We did our work, and she gave my essay an A-minus and said my vocab was improving. I said, “You mean it’s ameliorating,” and she laughed since it was the one word I’d gotten wrong on the vocab test two weeks ago, and she said that’s not quite the correct usage but close enough.

When she was packing up she said, “Jane told me you might tour again next fall.”

“Yeah.” I didn’t know if Jane had told her the other option.

“Or that you might enroll in school.”

I nodded. Doing that was also being like, Uh, sorry, Nadine, you’re fired.

“I just want to tell you, if you want to go to school, you should do it.”

“I don’t want you to lose your job.”

“That’s really nice, Jonny, and you know I love doing this with you, but don’t worry about me. Besides, I can’t do this forever. I’m not building a real teaching career.”

“You’re teaching me.”

“I know, but it’s not the same as being in a classroom. And I turn twenty-seven in a few months, and I sometimes go weeks without seeing my boyfriend. Someday I’d like to start a family, and you’ll need a tutor for another four years at least, and I can’t do both.”

My chest felt like someone had pulled the lungs out of it. “So are you saying you want to quit?”

“No! I mean, not now, at least. But at some point I’d like to go back to teaching in a regular school. The point is, don’t factor me into your decision. In fact, don’t factor anyone else in. Even your mom.”

“Why shouldn’t I factor in Jane?”

“Because it’s about you. What you want to do with your life. You don’t have to do something just because other people say you should.”

When the conversation started, I was scared Nadine would think we were firing her. Now it sounded like she was firing us.

“When you’re a celebrity, it’s not just about you,” I said. “When I give a concert, the jobs of a hundred and thirty-six people on this tour are standing on my shoulders, plus hundreds of people in that city.”

“You don’t have to be defensive,” Nadine said. “I’m just trying to let you know that I’ll respect whatever decision you make.”

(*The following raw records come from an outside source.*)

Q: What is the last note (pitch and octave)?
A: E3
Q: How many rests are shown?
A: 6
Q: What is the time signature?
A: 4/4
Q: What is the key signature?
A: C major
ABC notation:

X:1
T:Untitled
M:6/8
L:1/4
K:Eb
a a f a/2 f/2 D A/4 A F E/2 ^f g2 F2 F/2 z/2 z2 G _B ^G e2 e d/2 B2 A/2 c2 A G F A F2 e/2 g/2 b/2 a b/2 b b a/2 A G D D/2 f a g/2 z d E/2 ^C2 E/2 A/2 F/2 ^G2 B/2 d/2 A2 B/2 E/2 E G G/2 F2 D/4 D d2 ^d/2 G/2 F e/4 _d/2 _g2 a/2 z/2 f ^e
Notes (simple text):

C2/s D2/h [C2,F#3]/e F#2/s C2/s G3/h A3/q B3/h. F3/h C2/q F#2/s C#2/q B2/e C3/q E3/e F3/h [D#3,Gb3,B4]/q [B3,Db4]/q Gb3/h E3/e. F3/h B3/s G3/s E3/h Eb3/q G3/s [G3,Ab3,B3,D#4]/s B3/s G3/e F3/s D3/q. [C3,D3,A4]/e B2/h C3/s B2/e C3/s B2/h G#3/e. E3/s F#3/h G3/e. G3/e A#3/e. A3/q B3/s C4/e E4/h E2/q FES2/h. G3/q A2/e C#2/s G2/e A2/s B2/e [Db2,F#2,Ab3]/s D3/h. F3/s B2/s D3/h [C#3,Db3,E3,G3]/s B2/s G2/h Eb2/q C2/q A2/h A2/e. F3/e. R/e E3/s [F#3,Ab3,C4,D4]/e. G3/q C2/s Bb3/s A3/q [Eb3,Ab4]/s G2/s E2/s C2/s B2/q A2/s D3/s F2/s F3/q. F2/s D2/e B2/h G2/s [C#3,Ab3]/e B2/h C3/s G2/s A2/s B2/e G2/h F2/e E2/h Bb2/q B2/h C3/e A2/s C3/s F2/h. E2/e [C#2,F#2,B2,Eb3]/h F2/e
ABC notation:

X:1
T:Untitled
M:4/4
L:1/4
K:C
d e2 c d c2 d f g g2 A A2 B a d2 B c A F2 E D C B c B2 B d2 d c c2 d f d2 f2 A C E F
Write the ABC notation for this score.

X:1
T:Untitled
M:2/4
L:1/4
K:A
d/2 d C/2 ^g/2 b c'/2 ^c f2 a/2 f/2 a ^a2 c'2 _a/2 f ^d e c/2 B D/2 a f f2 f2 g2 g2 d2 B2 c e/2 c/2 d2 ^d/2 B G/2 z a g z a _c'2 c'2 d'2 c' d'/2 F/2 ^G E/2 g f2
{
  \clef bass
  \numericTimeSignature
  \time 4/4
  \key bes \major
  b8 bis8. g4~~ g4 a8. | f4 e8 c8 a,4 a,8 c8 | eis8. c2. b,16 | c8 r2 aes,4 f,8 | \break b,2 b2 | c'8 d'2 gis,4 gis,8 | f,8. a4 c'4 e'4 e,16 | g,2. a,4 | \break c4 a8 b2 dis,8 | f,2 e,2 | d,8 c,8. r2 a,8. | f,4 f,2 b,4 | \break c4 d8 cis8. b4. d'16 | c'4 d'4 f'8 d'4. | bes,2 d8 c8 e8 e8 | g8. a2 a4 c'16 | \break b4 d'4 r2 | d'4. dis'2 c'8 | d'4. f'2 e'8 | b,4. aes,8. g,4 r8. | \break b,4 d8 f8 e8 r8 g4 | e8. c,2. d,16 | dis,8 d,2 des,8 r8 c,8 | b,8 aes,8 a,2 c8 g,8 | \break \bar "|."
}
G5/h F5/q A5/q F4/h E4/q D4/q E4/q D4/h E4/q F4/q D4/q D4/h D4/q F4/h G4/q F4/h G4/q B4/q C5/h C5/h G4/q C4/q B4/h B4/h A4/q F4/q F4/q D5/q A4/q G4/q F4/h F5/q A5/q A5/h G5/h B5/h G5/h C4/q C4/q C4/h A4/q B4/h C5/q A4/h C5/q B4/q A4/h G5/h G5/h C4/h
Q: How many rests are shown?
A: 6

I didn’t say anything, and two of her books fell out of her bag when she stood up so it took her longer to get out. It felt quiet in there. That was the first time we’d had a real fight, because the other fights were about stuff like me forgetting to do an assignment.

I avoided Nadine the rest of the drive to Memphis, which wasn’t hard since she was usually reading a book with her iPod on but the music off, which only I knew about, so no one would bother her. She didn’t bring her laptop on the bus because she says we’re becoming increasingly dependent on the sensory stimuli of technology to fill our interior lives. Jane’s the opposite, she usually has her computer and her iPhone and if we’re at home the TV on. She doesn’t listen to music besides for work, though.

A few hours in, I was in my room and heard her and Jane talking. They don’t discuss much except about scheduling and other business, but I could tell from their voices that it wasn’t about that. I wasn’t playing Zenon, but I turned it on for the background music and opened my door a crack to listen.

I heard Nadine go, “I believe he has a right to know,” and Jane went, “Frankly, I don’t think any eleven-year-old needs to know about something like this, let alone the one it’s happening to,” and Nadine said, “If you’re putting him in that position, and everyone else in the world knows, then he does have a right,” and Jane said, “Nadine, you’re an excellent tutor and Jonny likes you, so I’m not going to say any more except that you haven’t raised a child.” Nadine said, “Well, I’ve said my piece, and I hope you’re putting Jonny first here,” and went back to her seat.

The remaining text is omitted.